The Coen Brothers’ wonderful new film Inside Llewyn Davis takes place (very) shortly before Shelton penned his famous review, and while Dylan’s impending arrival looms over the world of the movie, it’s not about him. Instead, it’s about everyone who wasn’t him, and, as such, Inside Llewyn Davis breathes renewed and important life into the early 1960s folk revival, one of the most misunderstood, frequently derided, and hugely significant post-war cultural movements. Aside from producing arguably the most influential American songwriter and most influential Canadian songwriter of the past 50 years—by 1962 a young Joni Mitchell was cutting her chattering teeth in folk clubs in Saskatoon—the folk revival was a formative influence on artists ranging from Nina Simone to Stevie Wonder to Robert Plant to Janis Joplin. Yet in the years since Dylan went electric it’s become fashionable to caricature folkies as luddites dirtying themselves in the dustbin of history, besweatered schoolmarms yelling “Judas” at our most cherished rock star. Folkies get skewered in comedies like A Mighty Wind, treated with aloof disdain in period dramas like Mad Men, made into straw figures of lefty naïveté in reactionary fables like Forrest Gump.

This is a shame, and more than a little unfair. As a phenomenon both quintessentially of its time and doggedly seeking to flee it, the folk revival has aged about as poorly as things can age (though not as poorly as Forrest Gump). But it was also one of the great romances of the 20th century, a messily admirable mix of music and politics that believed in itself with a fierceness that few things have since. Its bedrock text was Harry Smith’s Anthology of American Folk Music, a six-LP collection released in 1952 that came to captivate a generation disillusioned by the directions their country was heading: Cold War paranoia, the drum-beat of nuclear brinksmanship, the intransigent racial violence of the Jim Crow south. Folk music promised bygone purity to young people understandably wary of modernity, and the performance of folk music became a powerful force of activism itself. Fifty years on, Dylan and Joan Baez performing at the March on Washington remains the most iconic visual memory of the revival.

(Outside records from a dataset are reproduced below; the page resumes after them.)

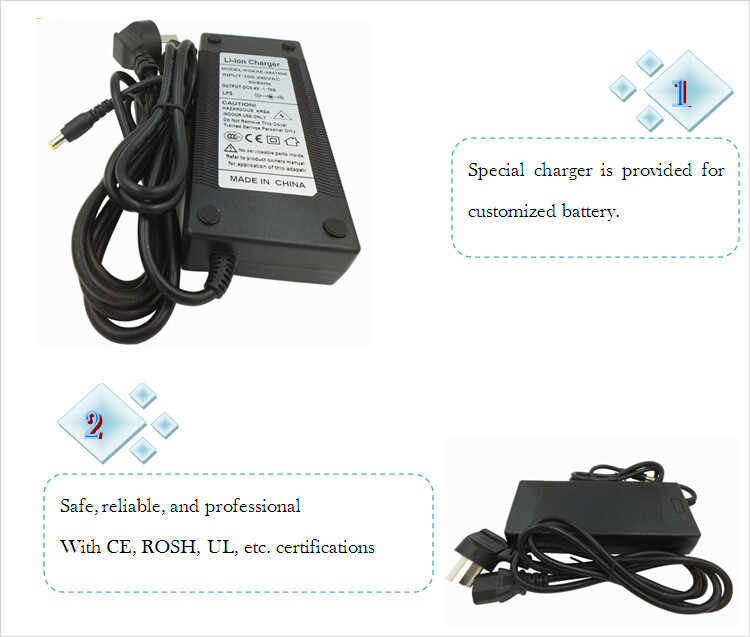 universal battery charger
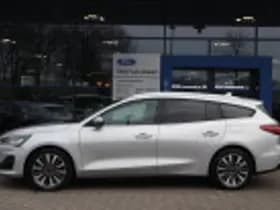 Ford Focus thumbnail 40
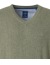 Thumbnail 3- Redmond Pullover - V-Ausschnitt - salbei grün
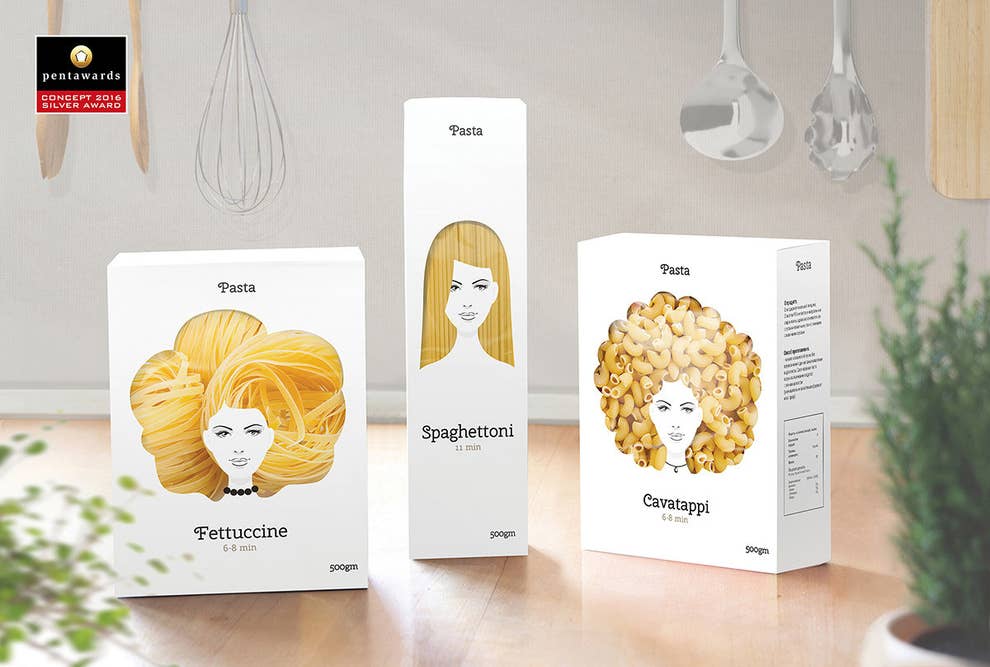 These 19 Clever Food Packages Will Give You Life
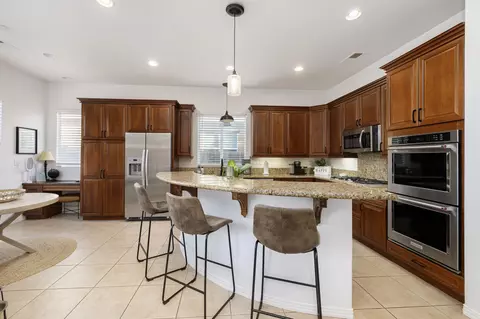 Kitchen - 41335 Corte Nella Vita, Indio, CA 92203 photo 1 of 4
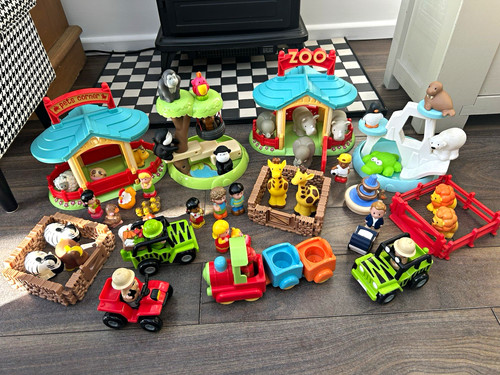 Elc happyland large - elc,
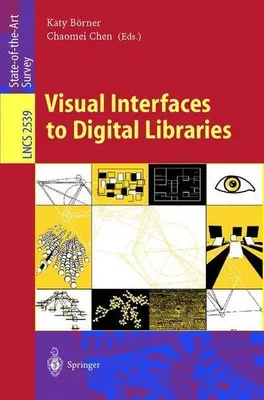 Produktbild von Visual Interfaces to Digital Libraries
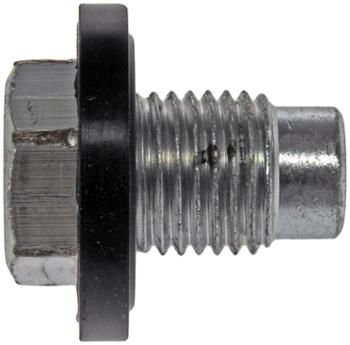 2003 Dodge Ram 3500 Engine Oil Drain Plug Dorman 090098 image 2 of 3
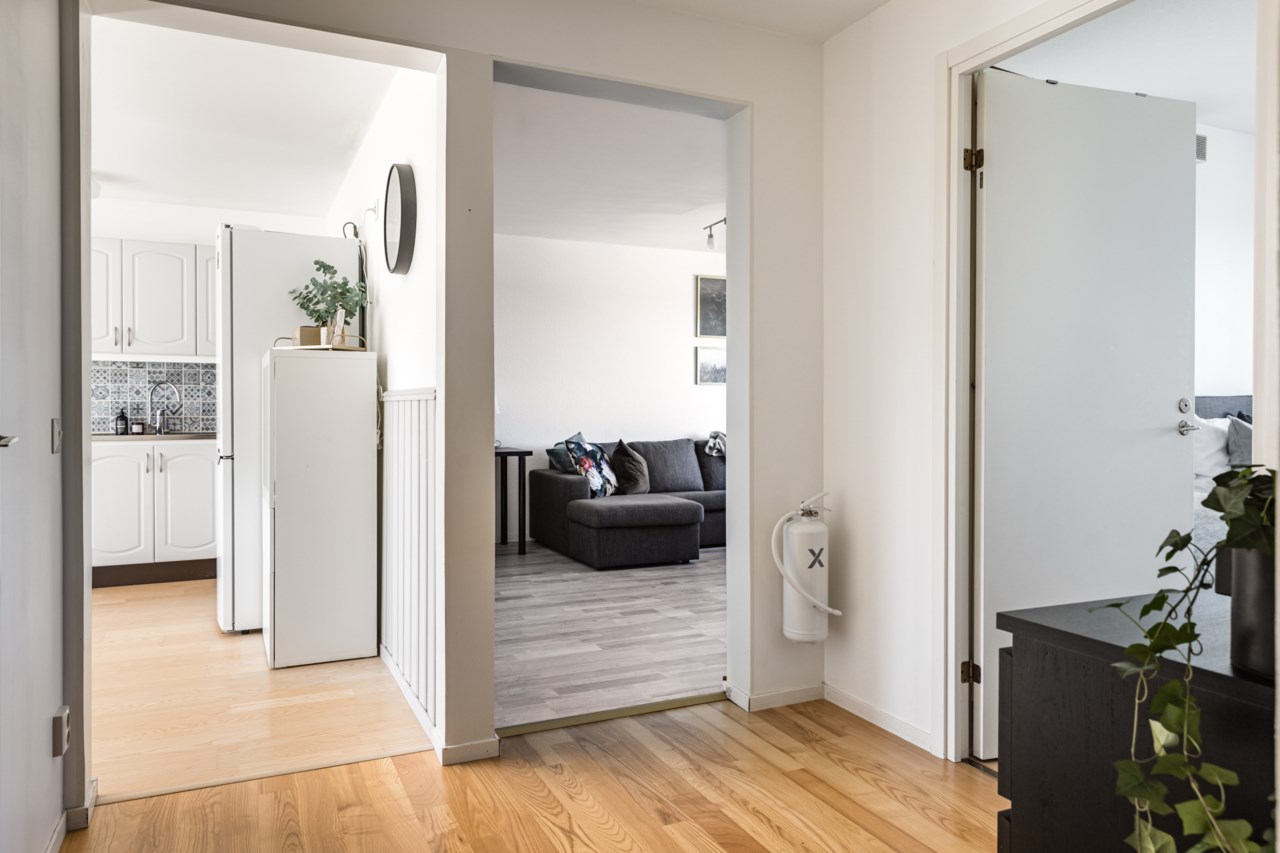 Tallåsvägen 8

Inside Llewyn Davis largely ignores the political side of the folk revival, a wise move that allows its characters to be human beings rather than pop-history clichés. The movie’s title role, impeccably played by Oscar Isaac, is based on the late Greenwich Village folk legend Dave Van Ronk, although music historian Elijah Wald (who co-wrote Van Ronk’s memoir and has penned a beautiful companion essay to the Coens’ film) is quick to emphasize that Davis is more impressionistic gloss than carbon copy. One of the great shadow figures of American music, Van Ronk was a fabulous singer and guitarist who left an indelible mark on his specific time and place while never becoming a household name. Irascibly opinionated, avowedly anti-commercial and by all accounts superhumanly generous to fellow musicians, he was a true original, a strange thing to say about a man so singularly devoted to the recreation of music born worlds away from his native Brooklyn. “He was big, sky high, and I looked up to him,” wrote Dylan of Van Ronk, years later. “He came from the land of giants.”

There is something warm and fitting about the Coens, film’s greatest bards of the star-crossed outsider, finally giving Van Ronk and the folkies their day in the sun. Inside Llewyn Davis both celebrates and sends up the revival’s misbegotten best intentions in ways that are smart and humane. In one of its finest scenes Llewyn is cajoled into performing the 18th-century British ballad “Fare Thee Well” at an Upper West Side dinner party. It’s a beautiful song (at 300 years old, it better be) that’s soon interrupted by his well-meaning host’s impromptu harmonies. Llewyn flies into a rage, suddenly sensitive to his own exploitation, being made to sing for his supper. “But I thought singing was a joyous expression of the soul!” protests his wounded, would-be duet partner.

It’s a hilarious and poignant moment that draws out one of the revival’s fundamental contradictions. Folk songs are simple, inherently democratic, literally of the people, while trying to make a life as a professional musician is everything the opposite, a difficult and rarefied pursuit best suited for those who secretly believe they’re better than everyone else. Nowhere is this tension more evident than in Llewyn’s haughty, almost messianic hatred of commercialism, his failure to achieve financial success only fueling his self-righteousness. Late in the film he auditions for a folk-scene power broker in an empty club, delivering a stunning rendition of “The Death of Queen Jane.” The song ends, and his audience of one remarks, coldly: “I don’t see a lot of money here.”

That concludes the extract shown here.